Sunday, September 13, 2020

Zaha Hadid

New Yorker

She is a woman in the most masculine of the arts, and an Arab—an Iraqi, no less—with fiery political views of her own and a family history steeped in Iraqi politics. She has never been a natural fit, to put it mildly, with the clubby male establishmentarians who dole out the money to put up major buildings. And yet Zaha Hadid Architects is building them.

Perhaps it was a lucky coincidence that computer-aided design tools came along at precisely the right moment in Hadid’s evolution—around 1990, when her language was fully formed but her projects were widely judged to be unbuildable. Or maybe she was a prophet of what has come to be known as digital architecture. In any case, the computer was only a tool that helped her realize a preëxisting vision; it did not create her aesthetic.

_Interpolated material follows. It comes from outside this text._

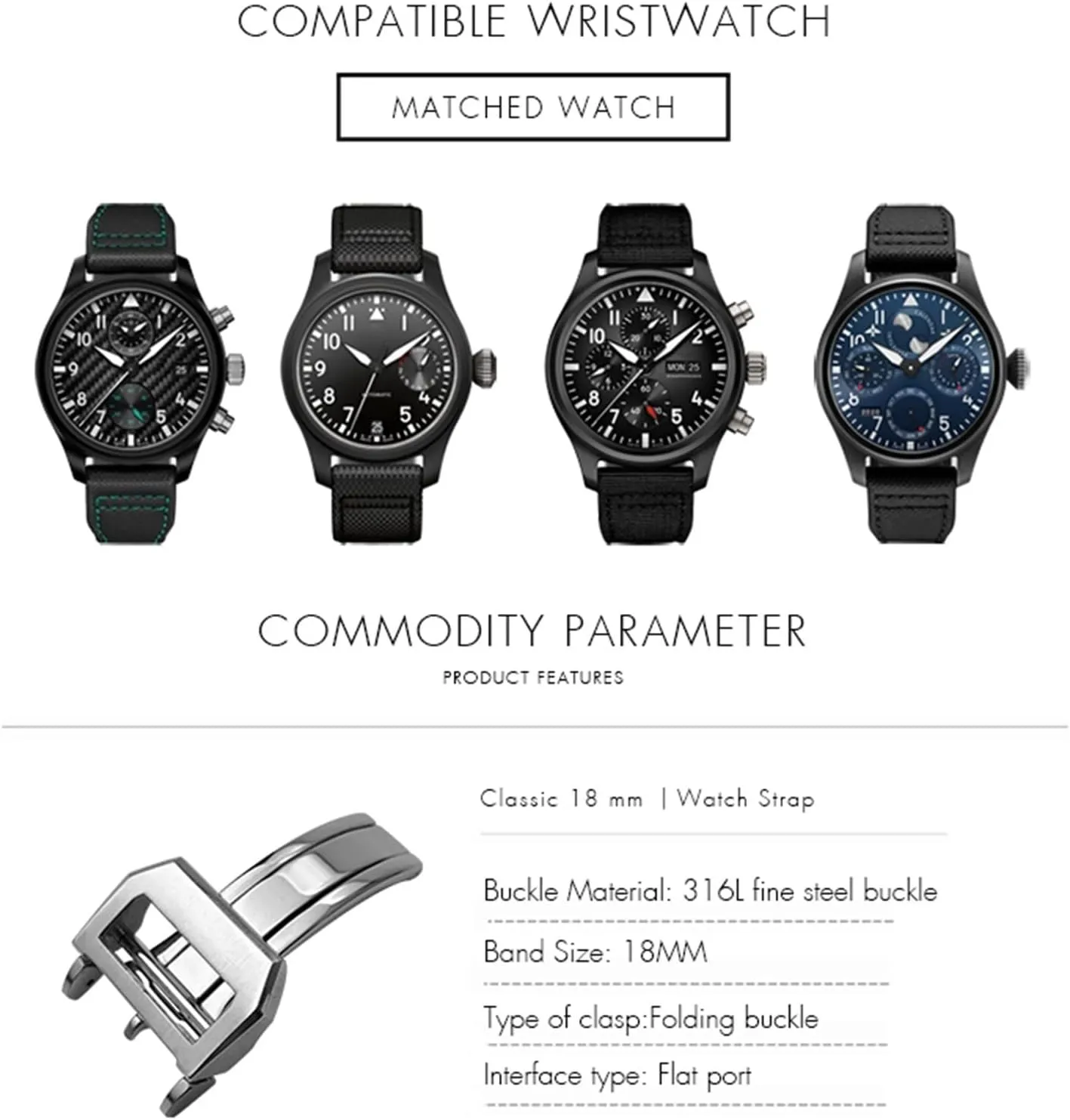 316L Stainless Steel Buckle For IWC Pilot Mark Portugieser Rose Gold Rubber Leather Watchband Folding Clasp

Hadid was born into a wealthy family in Baghdad, in 1950, and she grew up at a time when Iraq’s capital was a secular, cosmopolitan, progressive city, full of new ideas and cultural experiments. 

Hadid’s parents remained in the country, but Zaha was sent to boarding schools in England and Switzerland when she was sixteen. Her two brothers, Foulath and Haytham, who were older by twelve and fifteen years, had both gone to Cambridge University, and she spent a lot of time with them in London. “It was the nineteen-sixties, and I was becoming aware of all the new identity issues, and the political changes, and all the dreams of nation-building,” she told me. She would return to Baghdad for holidays. “It was a great place, and I often thought of it. I still do,” she said. But she hasn’t been back since 1980; the house she grew up in is still standing, boarded up.

As part of their work on the Russian avant-garde, Hadid’s unit studied Suprematism, the abstract movement founded by the painter Kazimir Malevich.